Aug 5 - 11 2019
About Ádám Jávorkai
Ádám Jávorkai, renowned Hungarian cellist living in Vienna, is a musician of worldwide reputation and laureate of many international competitions. Critics all around the globe admire him already for decades. This artist ungrudgingly shares his exceptional technical and musical capabilities as an inspiration for young talents, showing them new creative ways to express their enthusiasm for music.
Ádám Jávorkai teaches the methods of David Popper, Pablo Casals and André Navarra. His teaching approach is based on developing new musical ideas in different artistic styles, with an accent on harmonious unity of expression, technique and movement.
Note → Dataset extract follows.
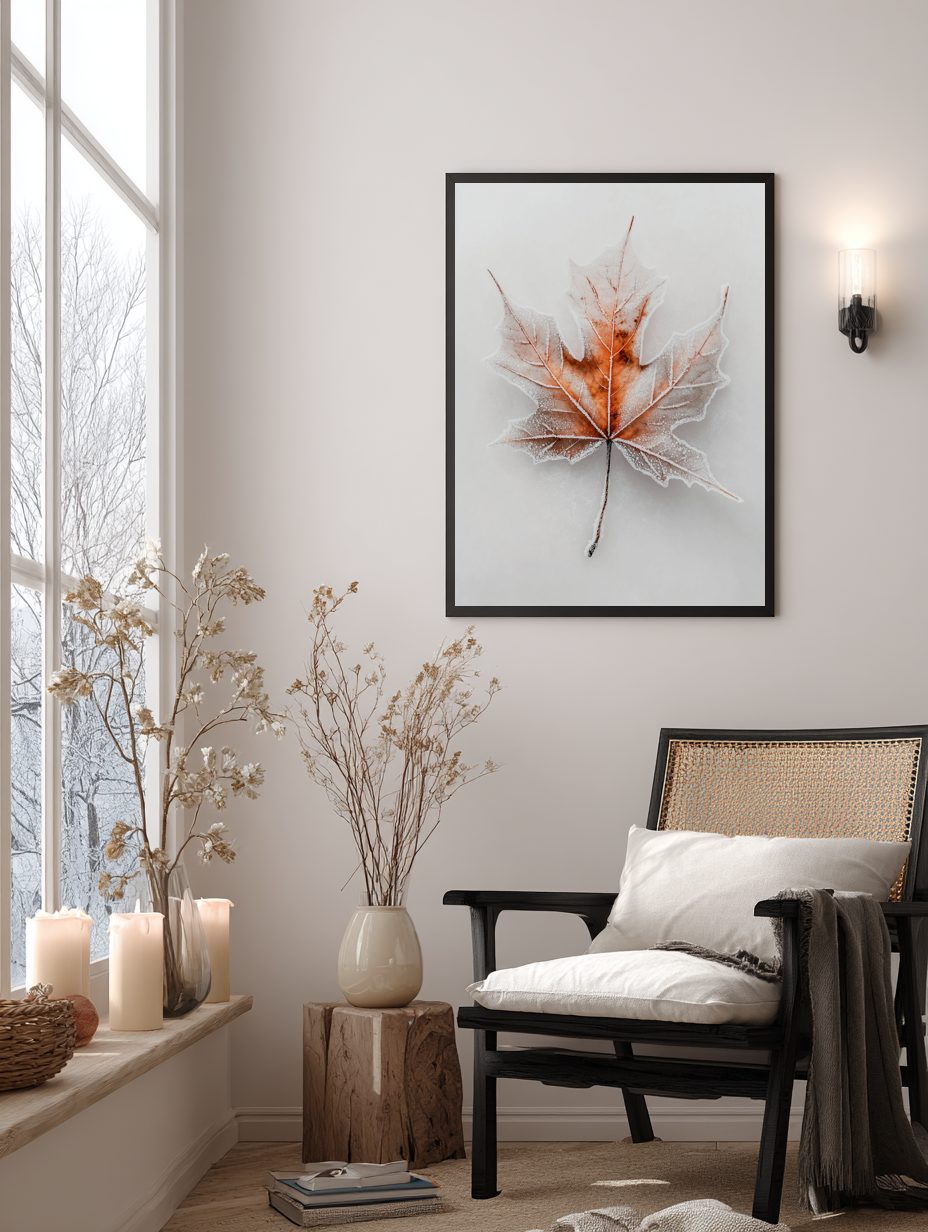 Frosted Maple Leaf Poster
The Hungarian cellist Ádám Jávorkai, born in Györ, attended the Hans Richter Conservatoire in his native city and the Béla Bartók Conservatoire in Budapest, which he completed with distinction. From 1996 to 2004, he studied in the classes of Prof. Angelika May and Prof. Reinhard Latzko at the University of Music and the Performing Arts in Vienna. He completed his M.A. with unanimous distinction. Currently, he is pursuing a doctorate in musicology in Vienna. For further perfection, he has attended master classes held by Miklós Perényi, Ina-Esther Joost, Tobias Kühne, Ferenc Rados and Anner Bijlsma.
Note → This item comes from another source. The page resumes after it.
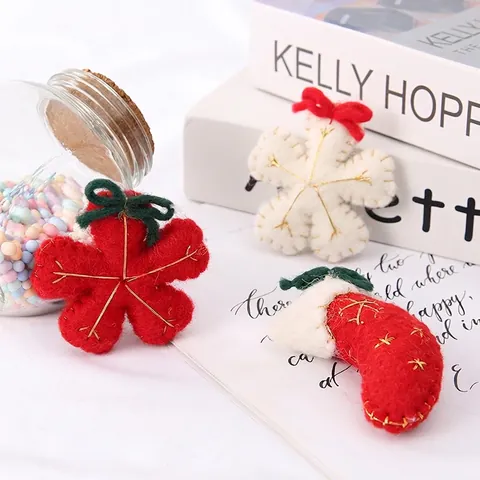 Christmas Wool Felt Hanging Ornaments Handmade Festive Tree Decorations Santa Reindeer Snowman Stocking Glove Star Fabric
Ádám Jávorkai has ended many competitions with honours. As a teenager, he won the Hungarian Emil Vajda Stringed Instruments Competition for three years in succession after 1991 and the first prize of the National Cello Competition in Hungary in 1990, 1993 and 1996. 1998: Bohuslav Martinu Prize of the International Summer Academy Prague-Vienna-Budapest; 2000: Appreciation Prizes ‘Cellist of the Year’ and ‘Best Interpreter of Slovenian Compositions’, awarded by the Association of Slovenian Composers; 2002: Bartók Prize, Semmering, Austria; 2003: Kodály Prize for the duo with Sándor Jávorkai, Austria; 2008: in a duo with Clara Biermasz first prize at the international competition ‘Premio Città di Padova’, Italy, category chamber music, and at the same place awarded the ‘Primo Premio assoluto’ together with Clara Biermasz as the overall winners of all categories; the same year, first prize at ‘Soloist and Orchestra’, Italy.
In 2009, Sándor and Ádám Jávorkai were together honoured as ‘Artist of the Year’ by Jeunesse and Bank Austria.
From 2001 to 2003, Ádám was a scholarship-holder of the Annie Fischer Foundation in Budapest, in 2002 he received a scholarship from the Herbert von Karajan Centre in Vienna and scholarships from the Nippon Foundation, Tokyo, in 2003 and 2004. Ádám Jávorkai regularly holds master classes in different countries, e.g. at the Asahikawa International String Seminar in Japan, at the Orpheus Academy in Plovdiv, Bulgaria, at the Judenburg Summer in Austria, at the Music University in Bogota, Colombia, and at the Kodály Society in Wales.
As a soloist, Ádám Jávorkai regularly appears with the Budapest Philharmonic, the Philharmonia Györ, the North Hungarian Philharmonic Orchestra, the Youth Symphony Orchestra in Genoa, the Sinfonietta Baden, the Savaria Symphony Orchestra, the Szeged Symphony Orchestra, the Sofia Soloists, the Orchestra of the Arena di Verona and other orchestras as well as with the concert organizer National Philharmonia Budapest. As a cello soloist, he has worked together with conductors such as Marcello Viotti und Mariss Jansons.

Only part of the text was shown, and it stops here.